# Work item
Exact wording is required for every entry; transcribe all of them and leave the images out.

Image-caption web data
======
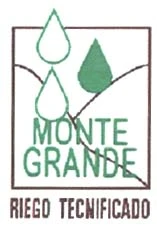 MONTE GRANDE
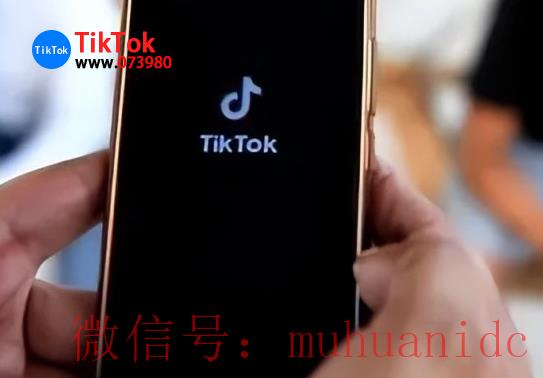 tiktok账号购买平台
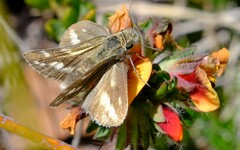 Taractrocera papyria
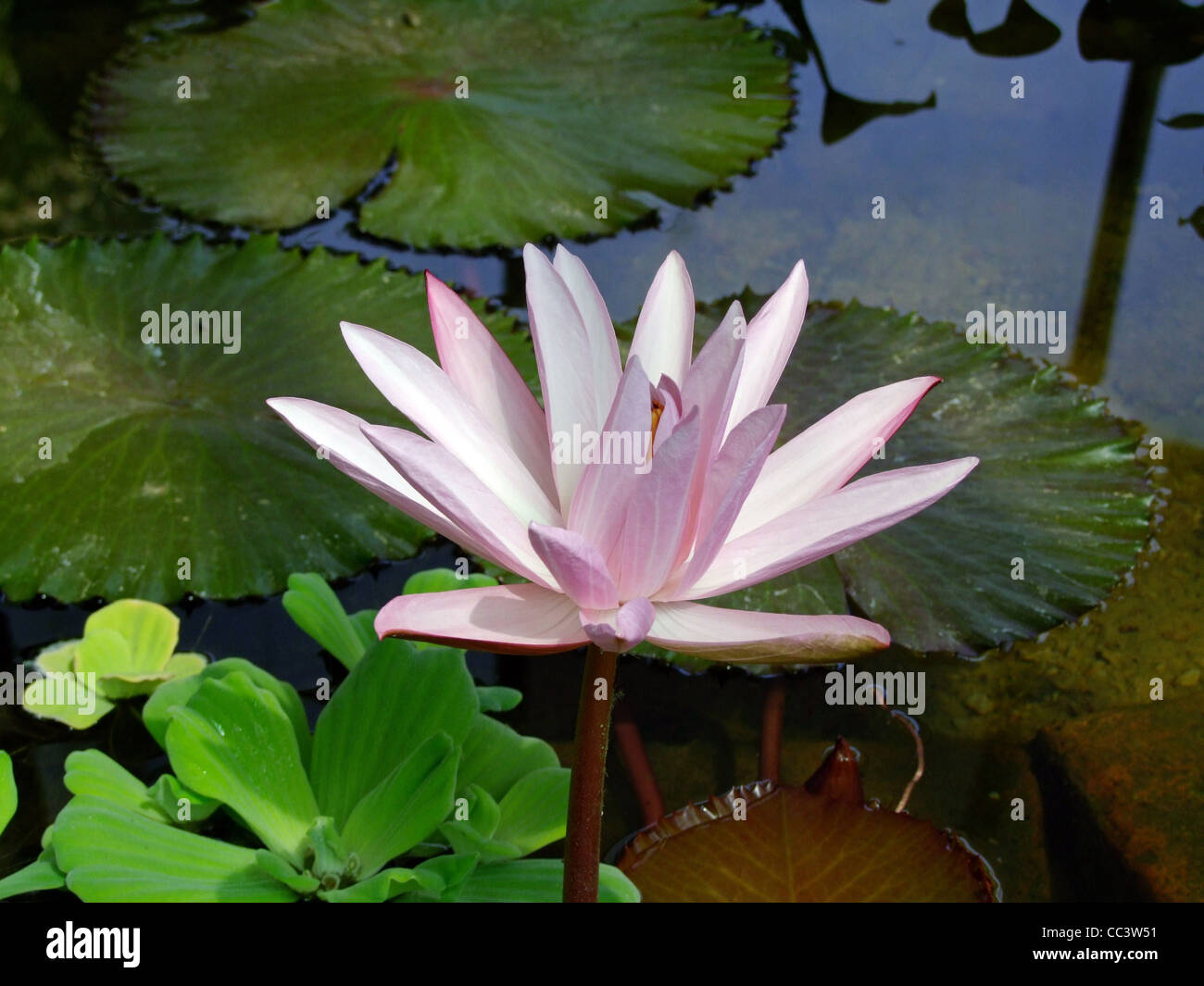 Waterlily flower, lotos Stock Photo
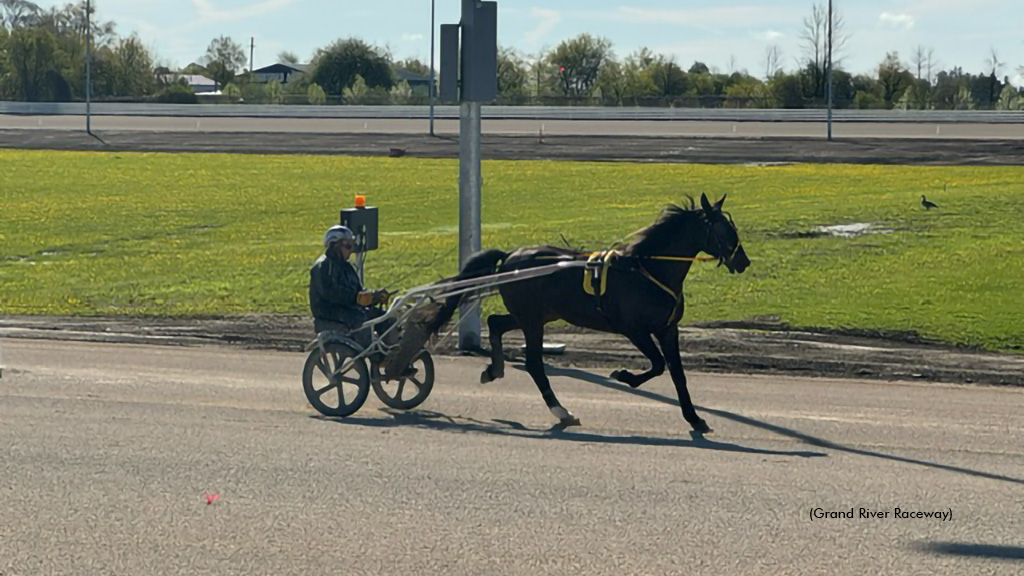 Standardbreds training over the new five-eighths-mile track at Grand River Raceway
======
# Response area
 MONTE GRANDE
 tiktok账号购买平台
 Taractrocera papyria
 Waterlily flower, lotos Stock Photo
 Standardbreds training over the new five-eighths-mile track at Grand River Raceway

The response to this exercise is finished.